Ranitidine has been associated rarely with hypersensitivity reactions (urticaria, angioneurotic oedema, fever, bronchospasm, laryngeal spasm, hypotension, anaphylactic shock, eosinophilia, chest pain), occasionally after a single dose.

As with other H2 - receptor antagonists, there have been rare reports of bradycardia, tachycardia and A-V block.

The following blood dyscrasias have been associated with the use of ranitidine: leucopenia and thrombocytopenia (which are usually reversible), agranulocytosis, and pancytopenia, sometimes with bone marrow hypoplasia or aplasia.

Skin rash including rare causes of erythema multiforme, alopecia, pruritus and musculoskeletal symptoms, for example arthralgia and myalgia have been reported rarely.

Headache, sometimes severe, dizziness and fatigue have been reported in a small portion of patients. Mental confusion which was reversible, agitation, depression and hallucinations have been observed, mainly in patients with severe illness and the elderly. Rare cases of reversible blurred vision (possibly due to impaired accommodation) have also been reported.

The following gastrointestinal side-effects have been associated with the use of ranitidine: nausea, constipation and diarrhoea.

Transient changes in the results of liver function tests may occur. Hepatitis (hepatocellular, hepatocanalicular or mixed) with or without jaundice, have occurred occasionally. These effects were usually reversible. Rare cases of acute pancreatitis have been seen. Small increases in serum creatinine have also been reported.

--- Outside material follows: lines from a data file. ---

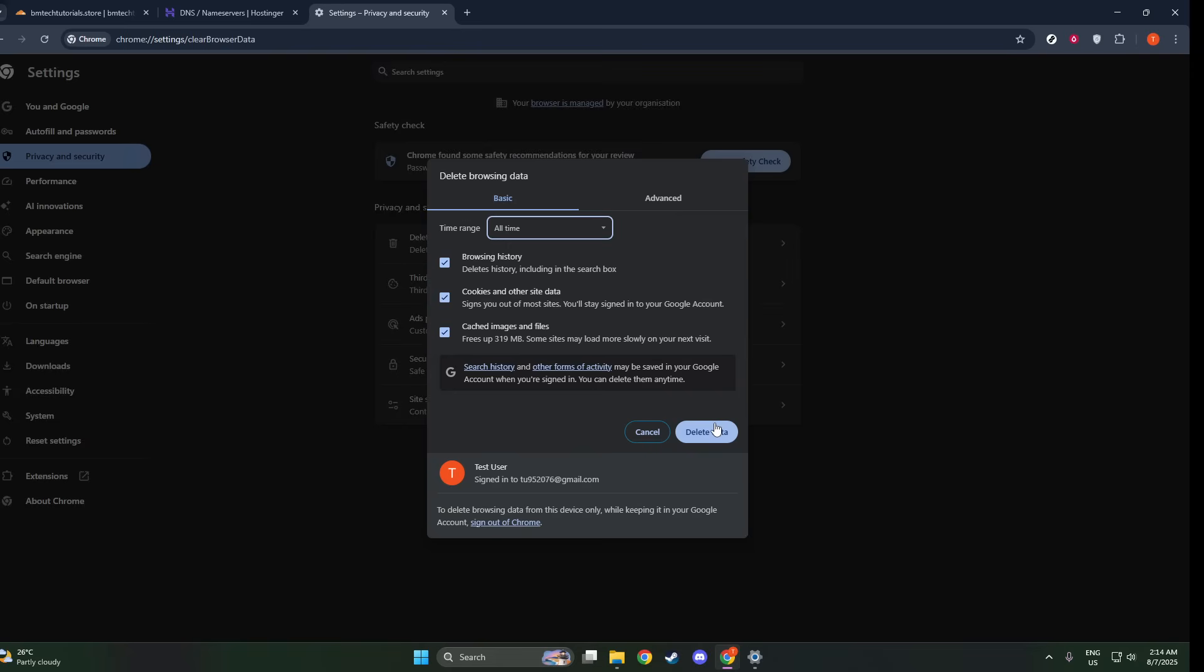Once you're ready, click the Clear Data button. This action will erase all selected items, essentially giving your browser a fresh start regarding stored website data. After performing these steps, it's a good idea to restart your browser. This ensures that the changes take effect immediately and reduces any risk of lingering data influencing your browsing experience.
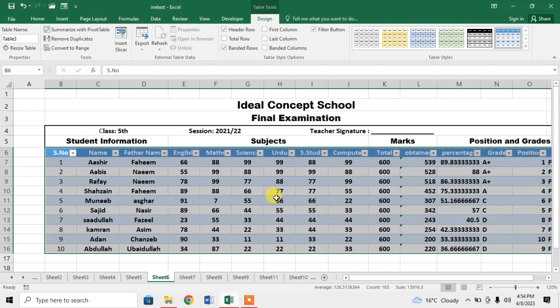Now press Ctrl+C from your keyboard to copy the table. This table has been copied.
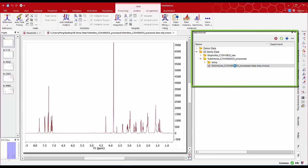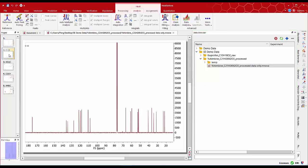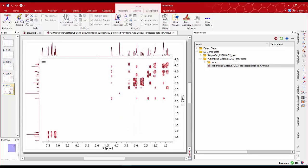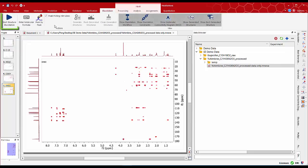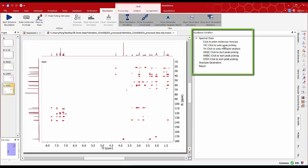Double-click on the MNOVA document in the data browser. We get 1D proton and carbon spectra HSQC as well as COSY and HMBC 2D spectra. Click on the start structure elucidation button and follow the instructions displayed on the elucidation data panel to guide the spectral analysis in the structure generation.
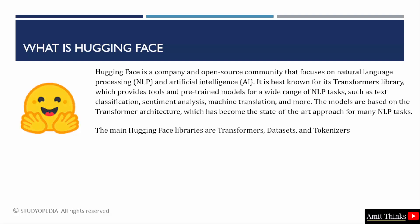Hugging Face is a widely known company and open source community that focuses on NLP, i.e. Natural Language Processing. It also focuses on artificial intelligence. Hugging Face is best known for its Transformers library that provides tools and pre-trained models, so that a wide range of NLP tasks such as sentiment analysis, machine translation, and text summarization can be performed. The most widely used Hugging Face libraries are Transformers, Datasets, and Tokenizers.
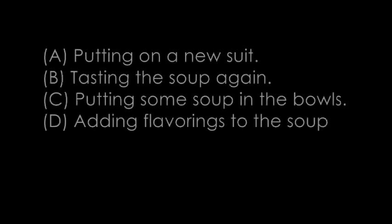Number 9. This soup tastes awfully boring. Let's put some more spices in it. What does the woman suggest?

Isolated cases of breast swelling and / or discomfort have been observed in males, some of which have resolved with continued ranitidine use. Discontinuation of therapy may be indicated to establish the underlying cause. No clinically significant changes in endocrine or gonadal function have been observed. Although occasional cases of impotence and loss of libido have been reported in male patients receiving ranitidine, the incidence did not differ from that in the general population.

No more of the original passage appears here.